[The task]: Your answer must be only the lines below from the one containing "Шторы блэкаут марсель" through the one containing "White Roses Sticker Sheet", copied exactly, with the pictures left out.

[Available data]:
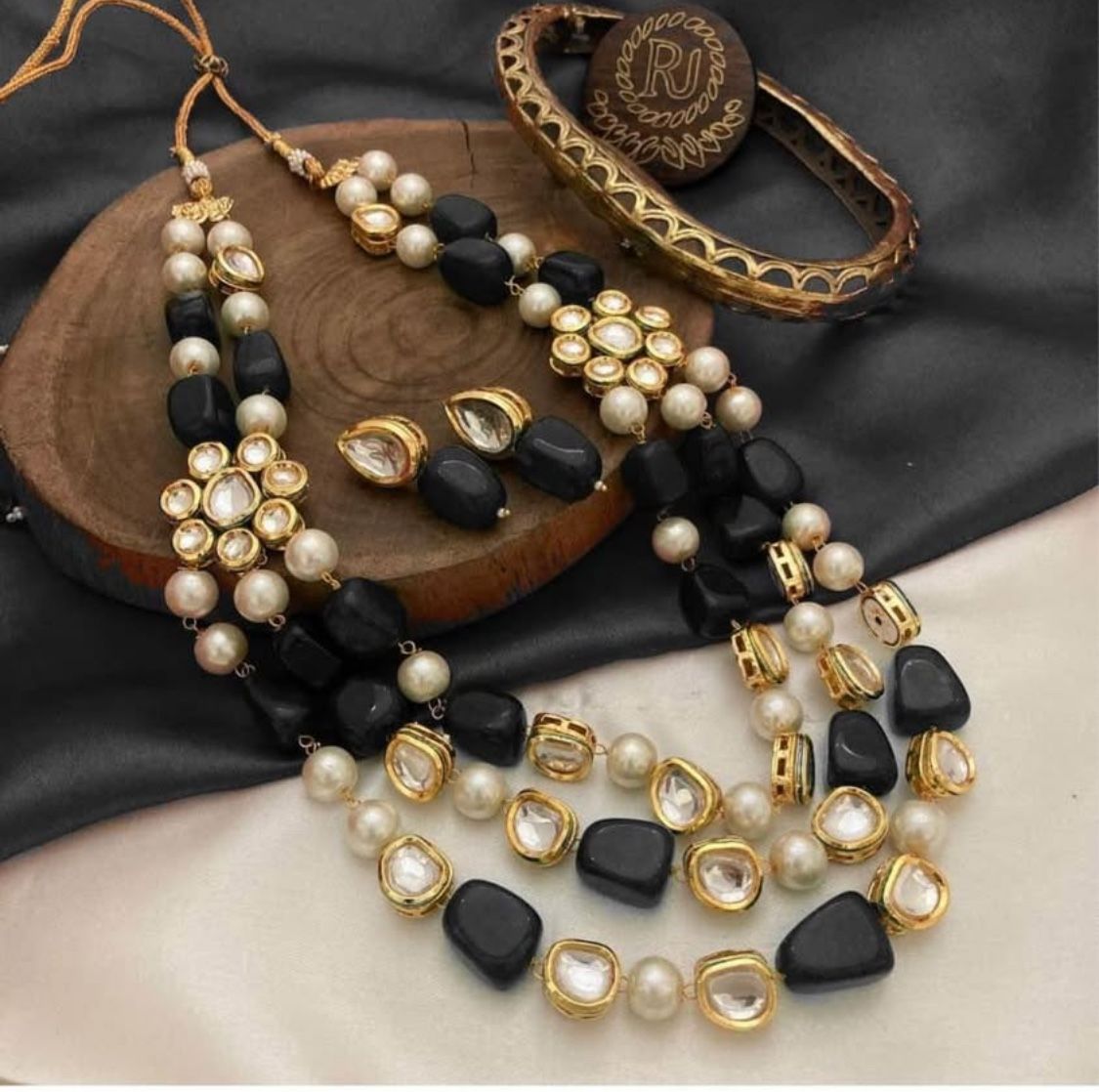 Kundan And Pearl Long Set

...

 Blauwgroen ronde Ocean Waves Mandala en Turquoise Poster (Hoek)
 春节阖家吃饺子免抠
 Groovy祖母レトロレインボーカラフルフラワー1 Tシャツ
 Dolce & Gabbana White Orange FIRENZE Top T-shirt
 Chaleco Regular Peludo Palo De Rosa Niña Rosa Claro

...

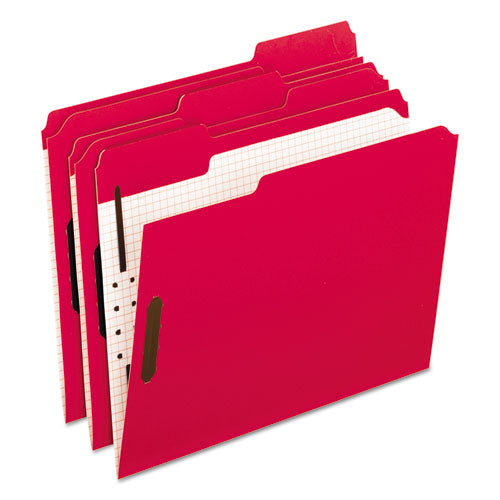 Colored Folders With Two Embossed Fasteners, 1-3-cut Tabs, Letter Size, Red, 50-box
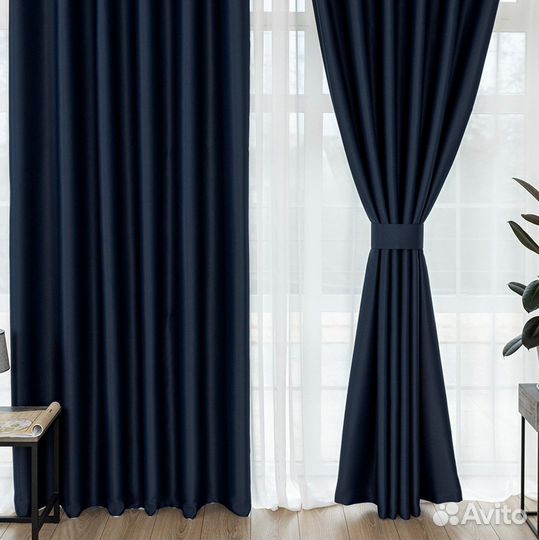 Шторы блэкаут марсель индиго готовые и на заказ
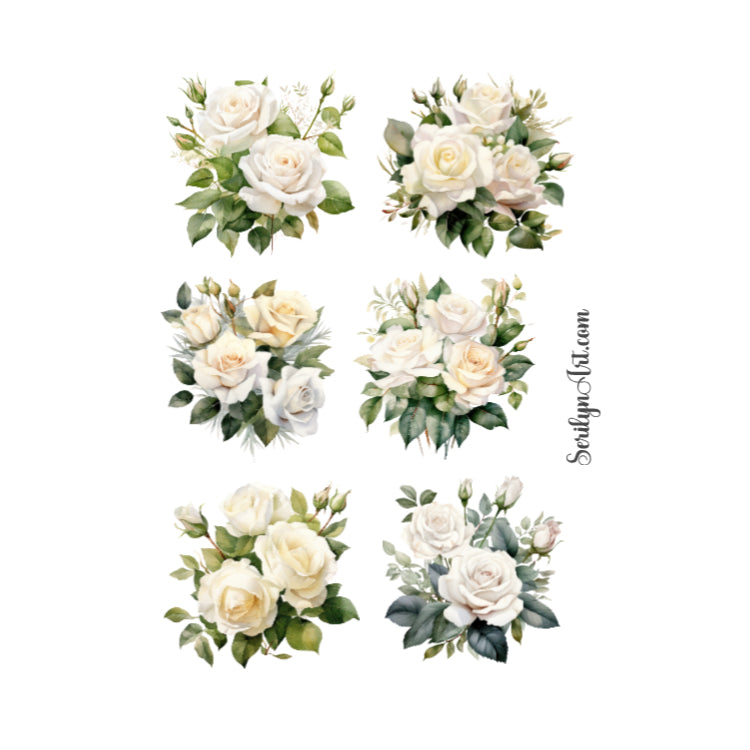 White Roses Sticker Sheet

[Written response]:
 Шторы блэкаут марсель индиго готовые и на заказ
 White Roses Sticker Sheet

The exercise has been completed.